It's nearly two in the afternoon and the temperature both inside and outside is 72degF and there's a fresh breeze flowing through the house and keeping things comfortable out in the sun and the bright blue sky.
Perfect weather? Naw -- I prefer jacket weather, about twenty degrees colder and a nice autumn day. But I'll take a lovely summery day in the middle of an August heat blast, for sure. Why not?
Even as the guy from the LP gas company is hooking up the shiny new Kohler 12kW backup generator to the LP tank, so the electricians can come back in the morning and finish the installation, one has to remember that this bit of technology does not make us impervious to everything. We can't roll up the driveway and declare ourselves independent from civilization. It'll only help us when the power goes out.
Case in point. Monday, as I was getting the newspaper and mail out across the road, I'd just detected the hint of something burnt when our across the road neighbors were driving out. From the wind coming out of the west, I realized it couldn't be our other neighbors' burning barrel. That was when the thirty or forty feet of blackened weeds and brush was pointed out to me. Seems that a county road crew had been driving along at speed regrading the shoulders and throwing up sparks from where the blade was striking the road -- and one of the sparks set off the brush fire. Neighbors got to call 9-1-1 and watch the Allendale Fire Department and everything. We've had little rain, at least for around here and lots of things are quite dry.
In the afternoon, working from home, I'd heard the rumble of large truck engines idling, but we can't see most of the road due to the stand of tall pines in the front yard. And since no one was coming down our driveway, I didn't think anything of it. No sirens anyway. So I guess I missed the fire.
As for hearing sirens...
About a month ago the Aeromed chopper had to rush people to the hospital from a horrendous wreck just up the road at 104th Avenue. As I recall, it had all the hot button touchstones you could want in a single news story: an overcrowded car filled with young teens, a 16-year-old driver, immigrants, an old man in a pickup truck... But that's not the point here. We'd seen that evening quite a parade of vehicles with flashing lights and sirens, including some of the Allendale F.D. people heading towards town before bringing their equipment back. And we'd heard the chopper come in and low, and I speculated that maybe there was a crash at 104th, since we couldn't see anything.
Last night the parade of sirens came back and again came the heavy sound of the Aeromed helicopter flying in low. I glanced out the bedroom window and could see flashing lights at the end of the Warner Street Racetrack straightaway. Then I went out on the front porch with binoculars and watched as the Aeromed chopper gingerly came down beyond the trees at the curve into what had to be a pretty tight landing zone.
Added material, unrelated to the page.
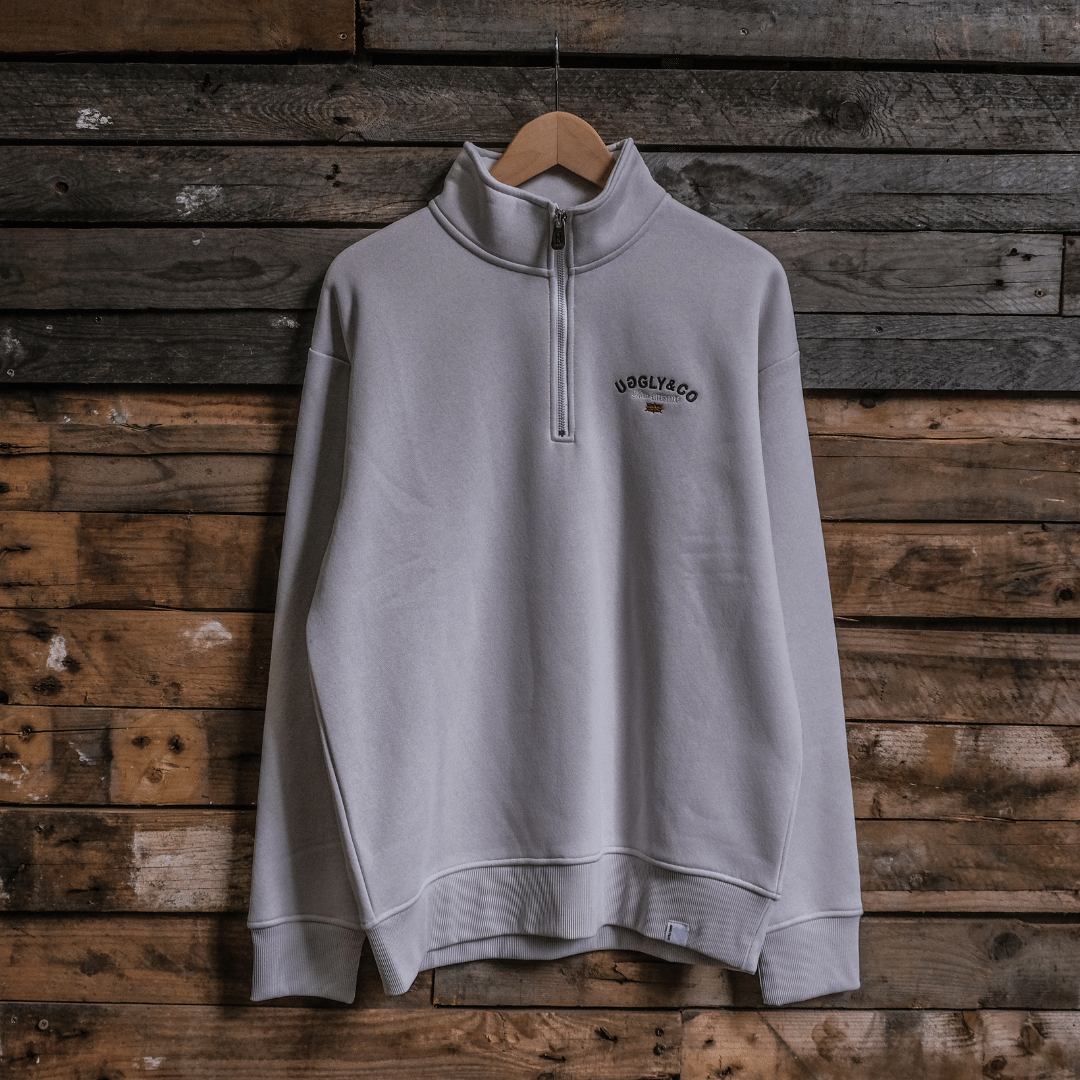 Stone Union Jack Quater-Zip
Don't know the bladespan of their machine or their minimum safe distance, but it's a big chopper and there's a lot of trees off that way. Neighbors were already on top of the news -- someone had wrapped their car around a tree, presumably from missing the curve. Some were driving down the shoulder of the road on ATVs and a John Deere lawn tractor to see what was going on. Entertainment in the sticks, I guess.
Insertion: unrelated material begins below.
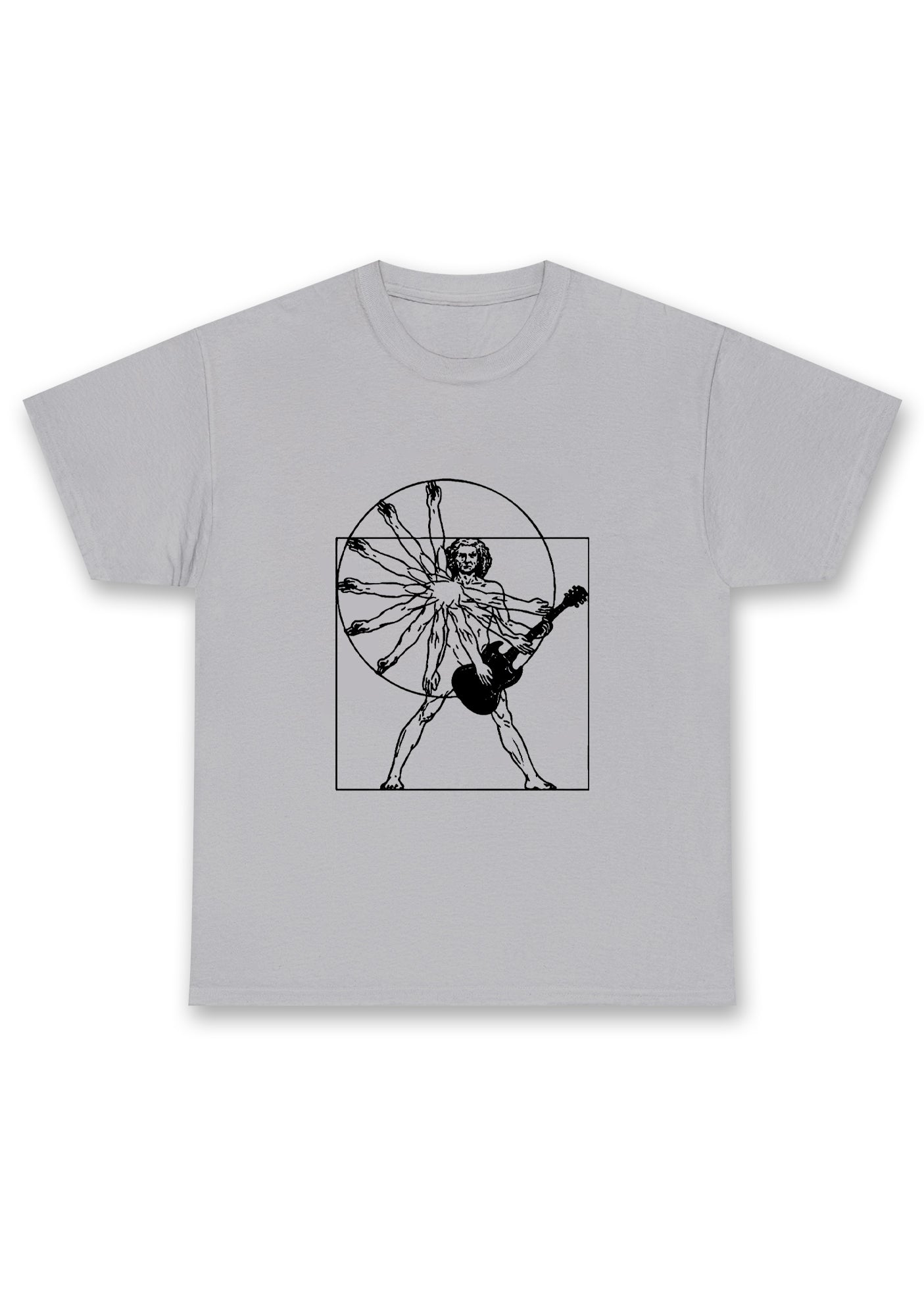 Vitruvian Man Guitar Chunky Shirt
Television and movies always telescope time and can give you a false impression of how things work. The Aeromed chopper last night landed in the dusk about 8:51pm EDT and took off in the dark at 9:44pm EDT. It takes time to extract and work on real people, you don't just shove and go.
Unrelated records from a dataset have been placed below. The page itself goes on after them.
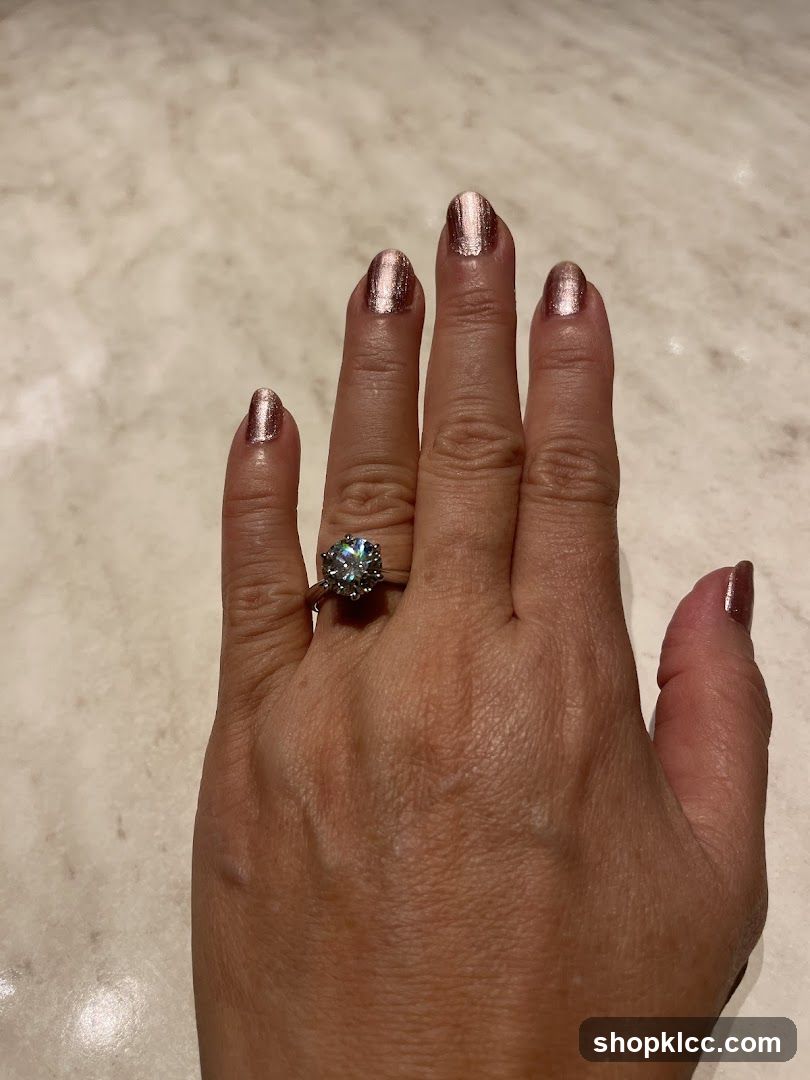 Diamond Ring on Hand
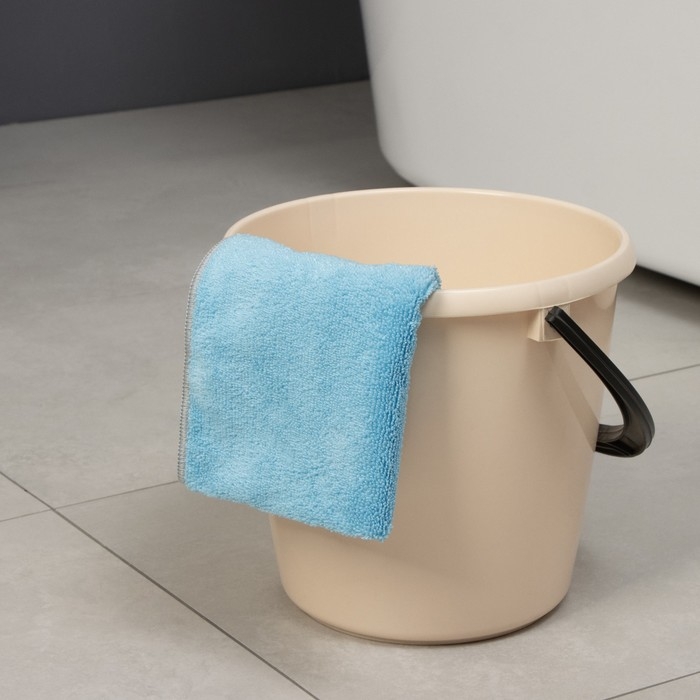 Тряпка для пола Raccoon, 250 г/м², 50×30 см, микрофибра, с оверлоком, 1 шт, цвет голубой Тряпка для пола Raccoon, 250 г/м², 50×30 см, микрофибра, с оверлоком, 1 шт, цвет голубой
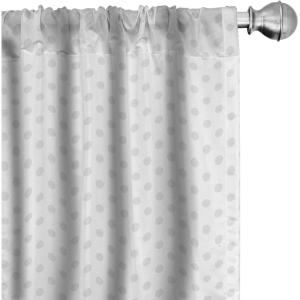 Ambesonne Birds and Nature Curtains, Cottagecore Art Leaves and Flowers Spring with Hummingbirds, Window Treatments 2 Panel Set for Living Room Bedroom, Pair of – 28″ x 84″, White Laurel Green Lilac(White Grey)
The backup generator will keep us with light, water, heat and cool. It will hold back the night and the wild, but only up to a point. One has to be reminded of these things from time to time. Just as sitting all night in the dark with only a flickering candle and a booklight, but no TV, computers or Internet access, reminds one of how close we are to stepping out of the 21st century. Even without fire, flood, earthquake or other disaster, natural or manmade.